Those are all examples of what I am calling 'unexpected invitations'.
dirct cause and effect is what science teaches us. As in hit the cue ball it hits the eight ball. Direct clear cause and effect. 'non-causal' was the term they choose to describe events that occured whose consequences having meaning to the human viewing it but the consequence was not the directed forces that caused the event - the outcomes is an unintended significance.
Hard to describe but Jung & Pauli used the term to define the word. Best go to read the essay that is the defining source of the word to understand it as clearly as they could explain it.

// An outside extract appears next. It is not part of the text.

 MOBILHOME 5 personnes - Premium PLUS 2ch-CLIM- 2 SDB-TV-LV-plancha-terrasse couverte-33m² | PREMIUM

They did mean that a synchronistic event/outcome was a kind of 'accident'.
From Wikipedia:
Synchronicity is a word that Swiss psychologist Carl Jung used to describe the "temporally coincident occurrences of acausal events." Jung spoke of synchronicity as an "acausal connecting principle" (i.e. a pattern of connection that cannot be explained by direct causality). Cause-and-effect, in Jung's mind, seemed to have nothing to do with it. Jung introduced the concept in his 1952 paper Synchronicity — An Acausal Connecting Principle, though he had been considering the concept for almost thirty years.[1]
Put plainly, synchronicity is the experience of two or more occurrences (beyond coincidentally) in a manner that is logically meaningful- but inexplicable- to the person or persons experiencing them. Such events would also have to suggest an underlying pattern in order to satisfy the definition of synchronicity as developed by Jung.
It differs from mere coincidence in that synchronicity implies not just a happenstance, but an underlying pattern or dynamic that is being expressed through meaningful relationships or events.
It was a principle that Jung felt encompassed his concepts of archetypes and the collective unconscious [2], in that it was descriptive of a governing dynamic that underlay the whole of human experience and history — social, emotional, psychological, and spiritual.
Jung believed that many experiences perceived as coincidence were due not merely to chance, but instead, suggested the manifestation of parallel events or circumstances reflecting this governing dynamic. [3]
One of Jung's favourite quotes on Synchronicity was from Through the Looking-Glass by Lewis Carroll, in which the White Queen says to Alice: "It's a poor sort of memory that only works backwards". [4]
Contents
I link my concept to Jung's syncronicity idea. Was Jung a atheist?
As for myself, though it is a matter of subjective faith - I am a deist, one who beleives in the Tao, to use the most accesible human name behind the concept.